Selling, General and Administrative Expenses
Selling, general and administrative expenses include employee compensation consisting of salaries, incentives, stock-based compensation and other benefits for sales and indirect administrative functions such as executive, finance, legal, human resources and information technology, not included within cost of revenue. In addition, selling, general and administrative expenses include services and materials expenses such as third-party consultancy costs, facility costs, internal research and development costs as well as legal and accounting fees, travel, marketing, bad debt and non-chargeable materials and supplies. Selling, general and administrative expenses also include depreciation and amortization.
Restructuring
On November 4, 2025, the Company announced an expense reduction initiative to further improve the operating model and exit certain lines of business that are no longer considered strategically important to the Company (the “Restructuring Plan”). Costs incurred in connection with the Company’s restructuring actions, including the Restructuring Plan, consist of employee-separation costs, facility exit costs, as well as professional services. Refer to Item 1, “Notes to the Condensed Consolidated Financial Statements”, Note 15, “Restructuring” for further details.
Operating Income
Operating income is calculated as revenue less cost of revenue, selling, general and administrative expenses and restructuring. Operating income margin is calculated as operating income as a percentage of revenue.

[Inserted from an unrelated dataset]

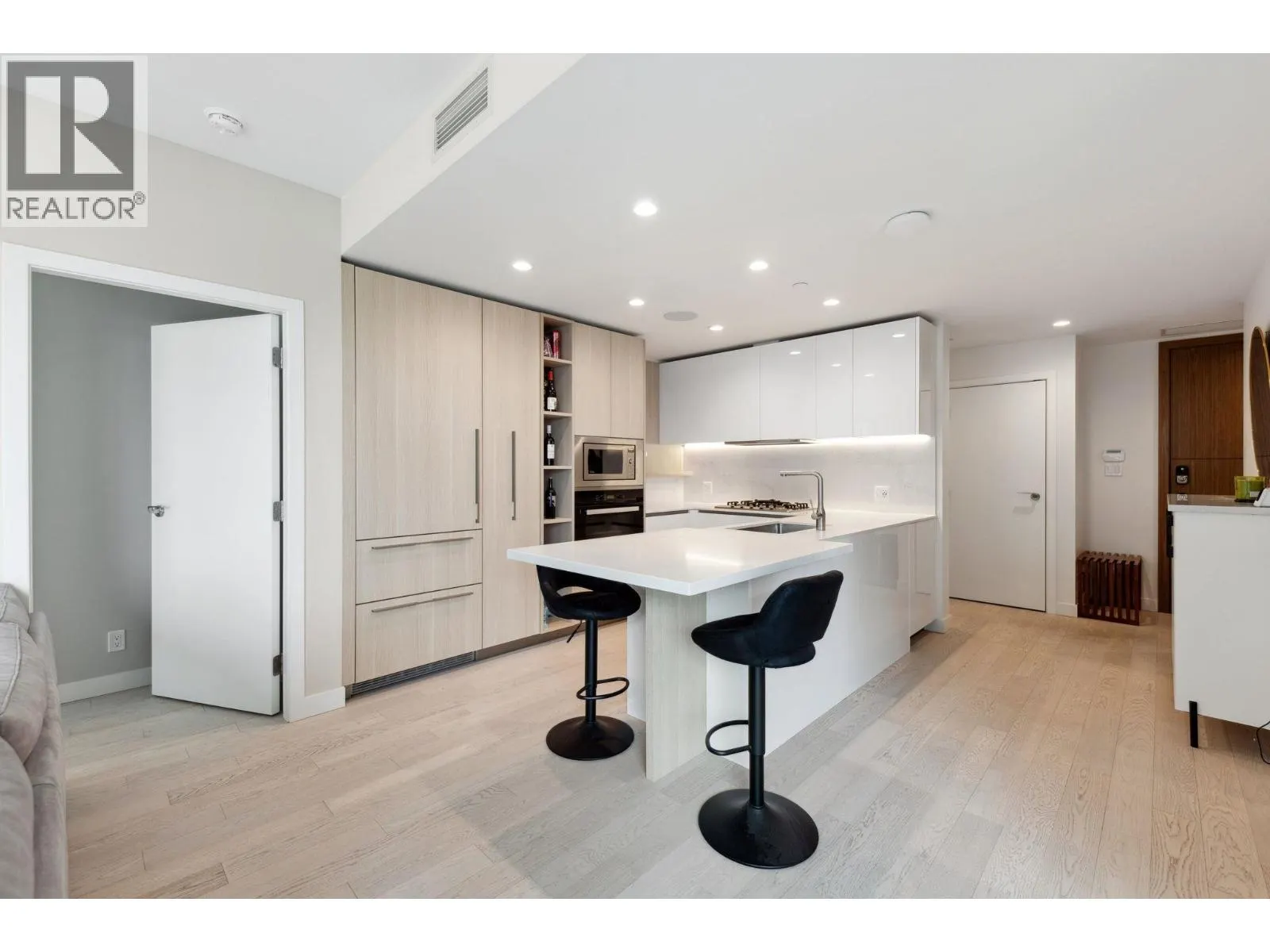 408 6811 PEARSON WAY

Components of Operating Income Change
The Company uses Organic, Acquisition / Divestiture and FX to explain the change in operating income from period to period. Operating income change is calculated as the percentage change in operating income in one period relative to the prior period’s operating income and is a key financial measure that the Company uses to manage its business. The Company defines these components of operating income as follows:
“Organic” reflects total operating income change in a given period excluding Acquisition / Divestiture and FX in that same period, expressed in dollars or as a percentage of operating income in the prior period.
“Acquisition / Divestiture” is calculated as operating income change in a given period related to acquisitions or disposals of businesses using prior period exchange rates, expressed in dollars or as a percentage of operating income in the prior period. Operating income change from an acquisition or disposal is measured as Acquisition / Divestiture for the initial twelve-month period following the acquisition or disposal date. Subsequently, operating income impact from the acquired or disposed business is measured as Organic. Acquisition / Divestiture also includes the change in due diligence-related costs for merger and acquisition and disposal activities.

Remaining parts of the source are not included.